This article was written by the Editorial Staff for The Press Enterprise. To read the full article on their website, please click here.
Like a game of Jenga, the state government is pulling away the blocks that keep the economy standing and counting on the declining number of blocks in the stack to hang on and maintain stability.
At some point, a collapse ends the game.
Senate Bill 939 might be the final move. The bill by Sens. Scott Weiner, D-San Francisco, and Lena Gonzalez, D-Long Beach, sets aside commercial leases and makes new rules that allow businesses to stop paying the rent they owe to the owners of shopping centers and other commercial buildings.
Leases are contracts. There is a body of federal and state law on contracts, and there are constitutional provisions that protect the rights of the parties. If it’s possible for any state government to pass a law that changes the terms of contracts, then effectively there are no contracts. There are only temporary, non-binding agreements.
Try and get a loan for your business by showing that you have temporary, non-binding agreements that you’ll be paid what you’re owed.
For California’s commercial real estate sector, already hollowed out by the COVID-19 lockdown and facing a destabilizing tax increase from a November initiative that would revoke Proposition 13’s protection from nearly all business and industrial properties, SB939 would compound the agony.

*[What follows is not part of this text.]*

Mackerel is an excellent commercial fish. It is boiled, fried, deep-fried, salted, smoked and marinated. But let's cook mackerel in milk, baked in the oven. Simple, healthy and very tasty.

Under the bill, eligible commercial tenants whose businesses were affected by COVID-19 could not be evicted for failure to pay rent for 12 months after the end of the state of emergency.

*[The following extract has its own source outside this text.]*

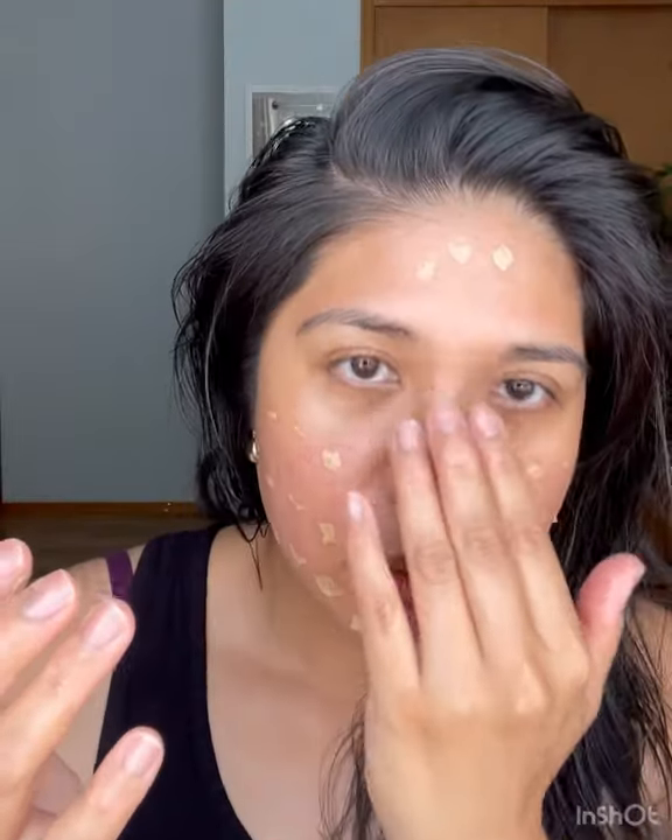Part of my haul, I got the Chantecaille Just Skin Tinted Moisturizer in the color Wheat — this also has SPF 15. Super lightweight. I got it because I wanted to find a skin tint to wear in the summer. I want to try it today so you can see the color. It's a bit thicker but I'm trying to layer my products.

The bill also allows certain affected tenants to modify any rent or economic requirements under their leases and to terminate their leases if they are unable to reach a mutually satisfactory agreement within 30 days.
There’s no question that many businesses have been decimated by the lockdown, and now face crushing restrictions on their ability to operate even as the lockdown is eased. No one knows how long it will be before restaurants, bars, nightclubs and entertainment venues will be able to operate at full capacity. Many will not survive to find out.

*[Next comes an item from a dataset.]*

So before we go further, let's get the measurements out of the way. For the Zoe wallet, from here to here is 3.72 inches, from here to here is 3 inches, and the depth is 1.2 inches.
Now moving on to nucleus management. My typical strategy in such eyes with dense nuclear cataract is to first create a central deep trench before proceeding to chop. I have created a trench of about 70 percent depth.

However, this crisis is the result of the government’s decisions and is no fault of the commercial landlords, who now face their own hardships. They’re still on the hook to pay their bills, including loan payments, property taxes, security costs, payroll, utilities and all other costs of operation. SB939 would effectively force these landlords to float interest-free loans to their tenants for a year.
This proposed legislation threatens to upend existing negotiations that are occurring throughout the state between commercial tenants and their landlords as everyone tries to navigate the sudden and continuing disruption of commerce. There is no need for this bill, which puts the weight of the state on one side of a negotiation between two businesses.
In the short term, some businesses would benefit from this legislation and some would be hurt. In the long term, everyone is hurt by arbitrary laws that step in between parties and choose the winners and losers. Only politicians win in this legislative protection racket, which leads to business owners making campaign contributions to prevent dire consequences.
For too many businesses in California, that’s already the case. The need to track ruinous legislation and regulatory overreach keeps a phalanx of costly lobbyists and consultants employed year-round. Success in business should depend on excellence, not influence.
Senate Bill 939 is both unnecessary and destructive. It should be defeated.